Often, grievers become anxious about their ability to take care of themselves following a loss. Also they may become concerned about the well-being of other loved ones.
•Physical, behavioral and cognitive symptoms. Often, grief is accompanied by periods of fatigue, loss of motivation or desire for things that were once enjoyable, changes in sleeping and eating patterns, confusion, preoccupation,
and loss of concentration.
Suffering is often the most painful and protracted stage for the griever, but it is still necessary. For most people, these many emotional and physical reactions are common symptoms that will stabilize and diminish with time as the
person moves through the grieving process. If these symptoms persist, it may be important to seek professional help.
Reorganization and recovery: As one slowly makes the adjustment to all the ways in his or her life that have changed as a result of the loss, a sense of reorganization and renewal begins to evolve. Life is forever changed after a significant
loss, but you slowly learn how the different aspects of your life become reprioritized as you “pick up the pieces” and begin to move on. As recovery takes place, the individual is better able to accept the loss, resume a "normal" life,
and to reinvest time, attention, energy and emotion into other parts of his/her life. The loss is still felt, but the loss has become part of the griever's more typical feelings and experiences. Many times, in widowhood, one is so much a part of
their spouse, that new definitions of identity must take place for healing. For the elderly after a lifetime of defining themselves in terms of their marriage relationships, this may take the rest of their lives.
Coping With Grief
The grieving process is very personal and individual - each person goes through his or her grief differently. Some people reach out for support from others
and find comfort in good memories. Others become very busy to take their minds off the loss. Some people become depressed and withdraw from their peers or go out of the way to avoid the places or situations
that remind them of the person who has died. Just as people feel grief in many different ways, they handle it differently, too.

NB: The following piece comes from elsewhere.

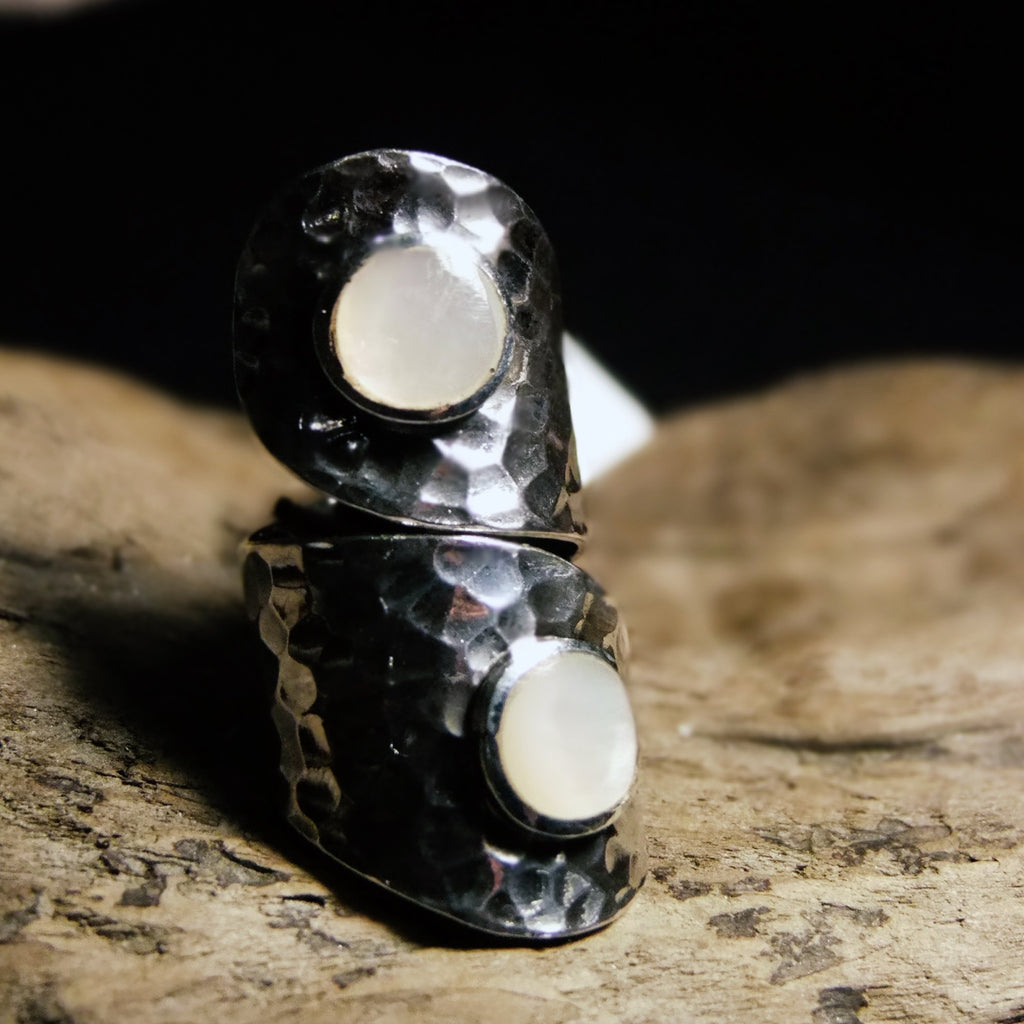 Hammered Shell Wrap Silver Ring-JEWELLERY / RINGS-Jewelery Center (THA)-Mother of Pearl-52-The Outpost NZ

For some people, it may help to talk about the loss with others. Some do this naturally and easily with friends and family, others talk to a professional therapist. Some people may not feel like talking about it much at all because
it's hard to find the words to express such deep and personal emotion or they wonder whether talking will make them feel the hurt more.
A few people may act out their sorrow by engaging in dangerous or self-destructive activities. Doing things like drinking, drugs, or cutting yourself to escape from the reality of a loss may seem to numb the pain, but the feeling is
only temporary. The person isn't really dealing with the pain, only masking it, which makes all those feelings build up inside and only prolongs the grief.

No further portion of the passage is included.